Hermes v. Stackley

699 P.2d 560, 10 Kan. App. 2d 342, 1985 Kan. App. LEXIS 729
CourtCourt of Appeals of Kansas
DecidedMay 2, 1985
DocketNo. 56,324
StatusPublished
Cited by1 cases

This text of 699 P.2d 560 (Hermes v. Stackley) is published on Counsel Stack Legal Research, covering Court of Appeals of Kansas primary law. Counsel Stack provides free access to over 12 million legal documents including statutes, case law, regulations, and constitutions.

Bluebook
Hermes v. Stackley, 699 P.2d 560, 10 Kan. App. 2d 342, 1985 Kan. App. LEXIS 729 (kanctapp 1985).

Opinion

Abbott, J.:

The plaintiffs, John B. Hermes and John Back, initiated this action in replevin to recover cattle. The defendants counterclaimed for pasture rent and care of cattle, and Fred Stackley, Jr., also counterclaimed for past-due wages and miscellaneous items he claimed to be due pursuant to a contract of employment. The plaintiffs posted a replevin bond and obtained [343]*343possession of the cattle. The trial court granted judgment to defendants on their counterclaim and the plaintiff John Back appeals.
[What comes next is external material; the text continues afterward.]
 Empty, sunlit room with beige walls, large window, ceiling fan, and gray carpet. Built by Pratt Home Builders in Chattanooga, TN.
The record indicates that plaintiff John B. Hermes was declared a bankrupt and he is not a party to this appeal.

Fred Stackley, Jr., was employed by Hermes under a written employment agreement. Stackley was to obtain pasture leases for cattle owned by Hermes and, among other employment duties, take care of the cattle. Stackley obtained three leases in Butler County for that purpose in 1982 (the Doornbos lease, the Autry and Hull lease, and the Schmidt lease). Hermes did not make the lease payments on the leases, and when he told Stackley he was going to remove the cattle from the rented pastures, Stackley told him he could not do so until the pasture rent was paid to the owners. Stackley then, with the permission of the pasture owners, removed the cattle to his mother’s farm on November 19, 1982. Stackley and the landowners filed lien statements for pasture rental and for the care and custody of the cattle.

Hermes paid the rent on the Schmidt lease before this action was commenced and the Schmidts are not parties herein. Stackley included a claim for care provided the cattle on the Schmidt lease and his judgment is in part for that claim.
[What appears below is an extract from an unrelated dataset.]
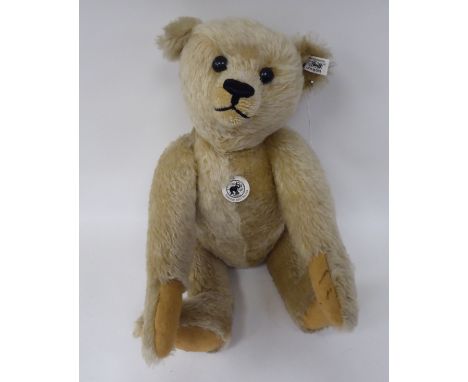 A Steiff 1907 replica mohair covered Teddy bear with a mobile head, limbs and a stitched nose&nbsp; 16"h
Neither Hermes nor Back testified at trial. None of the witnesses were acquainted with Back and they were unaware he claimed an interest in the cattle until this replevin action was filed. Back claimed an interest in the cattle in the replevin petition and executed the replevin bond. The only evidence presented at trial was on the counterclaim. Hermes and Back presented no evidence.
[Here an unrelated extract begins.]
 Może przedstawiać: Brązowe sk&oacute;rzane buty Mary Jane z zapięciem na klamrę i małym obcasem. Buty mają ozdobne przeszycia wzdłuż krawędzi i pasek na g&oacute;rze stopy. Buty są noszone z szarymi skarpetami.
The trial court denied the plaintiffs’ replevin petition and entered judgment for the defendants on their counterclaim against both Hermes and Back. The judgment for Doornbos was in the amount of $1,900; for the Autrys and Hull, $1,203.75; and for Stackley, $3,443.

Back appeals, claiming there is insufficient evidence to support the judgment against him and that the trial court erred in finding the defendants’ lien valid.

The judgments in favor of Doornbos and the Autrys and Hull were based upon findings that their liens were valid and they were entitled to recover the amounts alleged in those liens. As will be discussed later, the defendants held agisters’ liens pur[344]*344suant to K.S.A. 58-220, which grants a primary lien to owners to secure the payment of rent for pasture land which is leased or rented out exclusively for pasture purposes.

There was no evidence whatsoever that Back was involved in the contractual arrangements under which the leases were obtained. The testimony of Stackley and Kenneth Autry reveals that the defendants had no knowledge of Back’s interest in the cattle. That fact is of no comfort to Back because the agisters’ liens gave the pasture owners a lien upon the livestock. Back admitted a proprietary interest in the cattle; indeed, such an interest was necessary for him to maintain a replevin action. Back posted a replevin bond pursuant to K.S.A. 60-1005(b) to regain possession of the cattle during the pendency of this action.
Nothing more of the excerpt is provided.